Each square is a given attack angle for a given ball speed and the chart shows for each of these-

  1. Total Distance
  2. Carry Distance
  3. Launch Angle
  4. Spin Rate

The chart clearly highlights how hitting up on the ball as much as possible is beneficial to maximum distance.  Many players experience more inconsistency when they hit up too much.  This is why Pros have tended to hit slightly down on their drives.  However, with the increasing emphasis being put on distance all the time, the pros have been working on increasing their attack angles as much as their own swing allows, within reasonable consistency parameters. As covered elsewhere on the site, we think a reasonable target to aim at is as close to +5 degrees up as your swing allows. This will optimize distance for most golfers.
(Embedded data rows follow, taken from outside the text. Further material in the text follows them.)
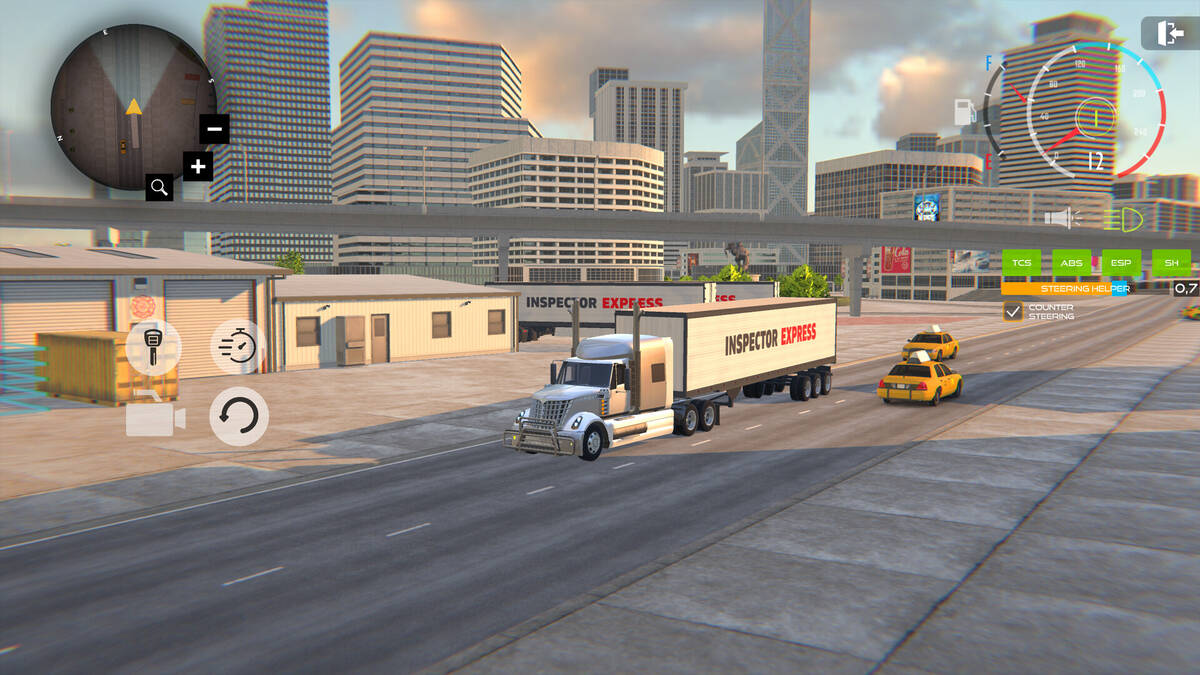 Скриншот 7 к игре Truck Simulator Ultimate 3D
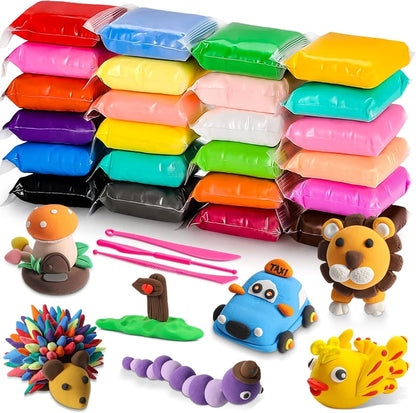 🎁24/36 Color Air Dry Clay Set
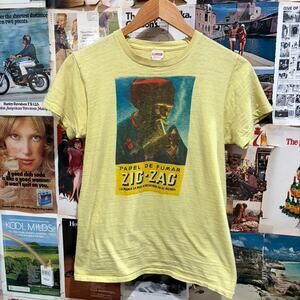 1970s Zig Zag Rolling Papers TShirt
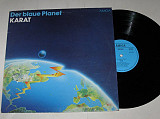 Пластинка Karat – Der Blaue Planet / Electronic, Prog Rock, Synth-pop (AMIGA, GDR, 1982) Ех+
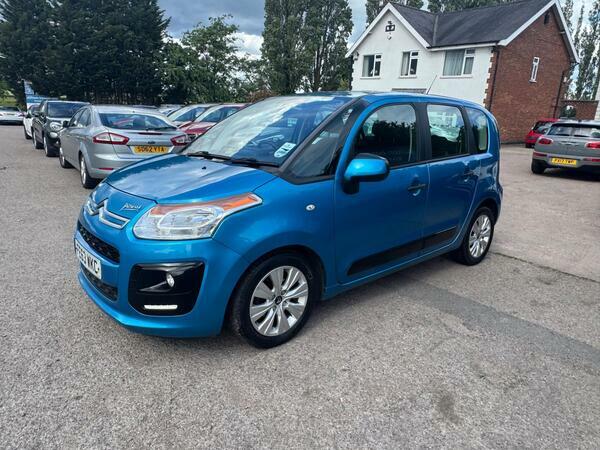 Citroen C3 Picasso 1.6 Hdi Vtr Euro 5 Blue #3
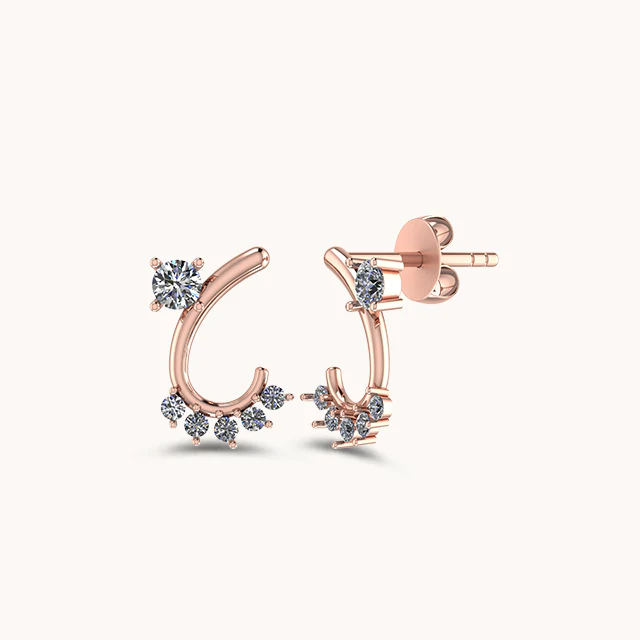 Curve Earrings - Image 4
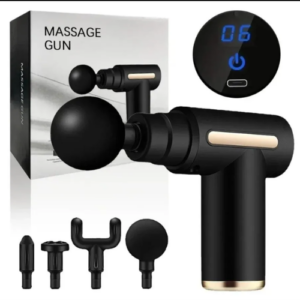 5 in 1 Portable Smart Massage Gun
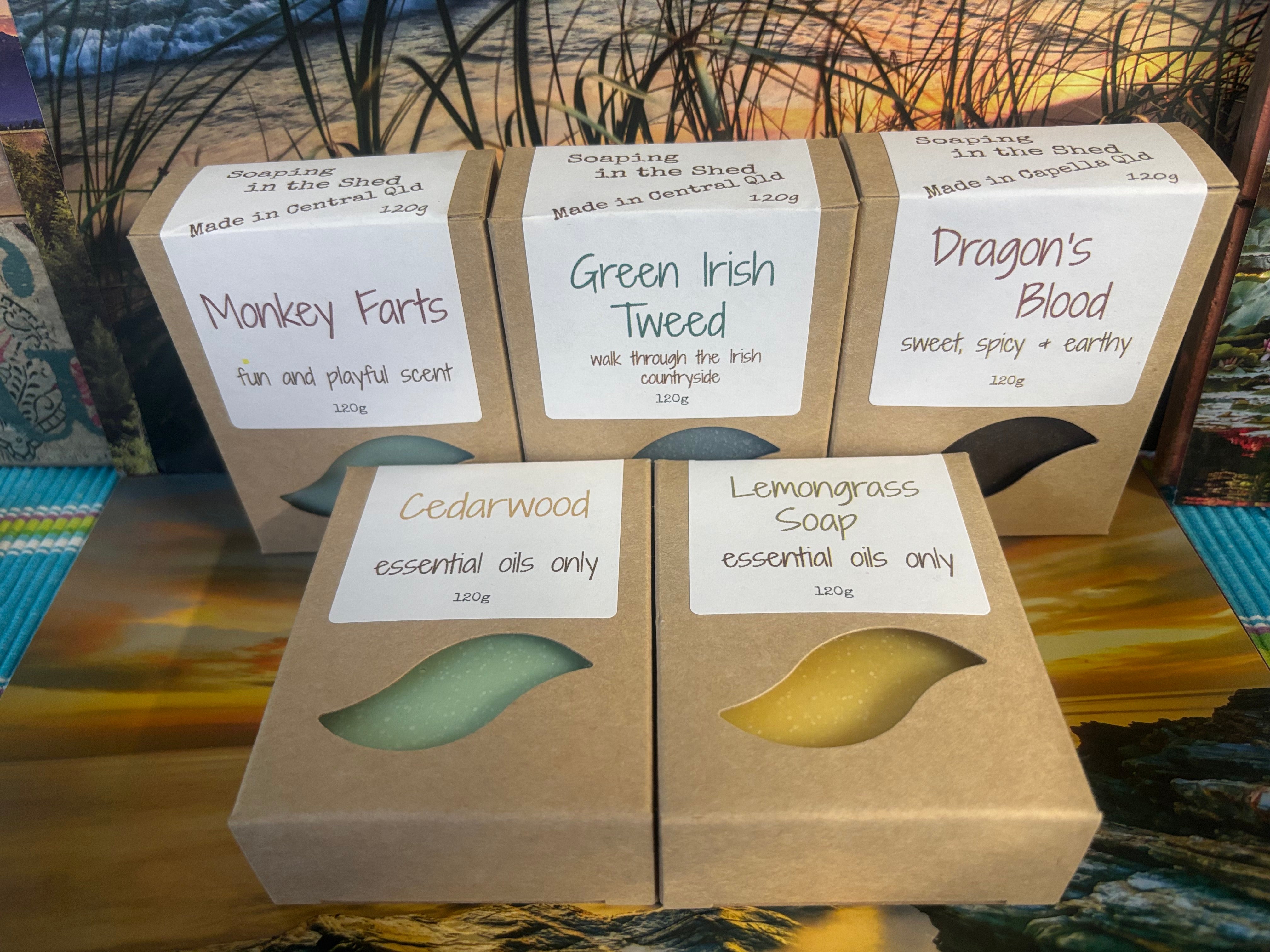 Pack of 5 Handmade Soaps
Phil increases attack angle to outdrive Brooks

We showed here how  Phil Mickelson became the oldest winner of a major in 2021 by outdriving Brooks Koepka on the long 16th at the PGA in Kiawah Island.  He teed the ball high and hit up as much as he could comfortably achieve. Technically, he increased his attack angle in order to maximise his launch angle downwind. This gave him his optimal golf distance.

To reach optimal distance with all clubs does not of course require a higher angle of attack as all non-driver shots are not teed up.  Iron shots especially require a descending angle of attack.  The main source of increased distance, in addition to clubhead speed, for irons is more forward shaft lean at impact.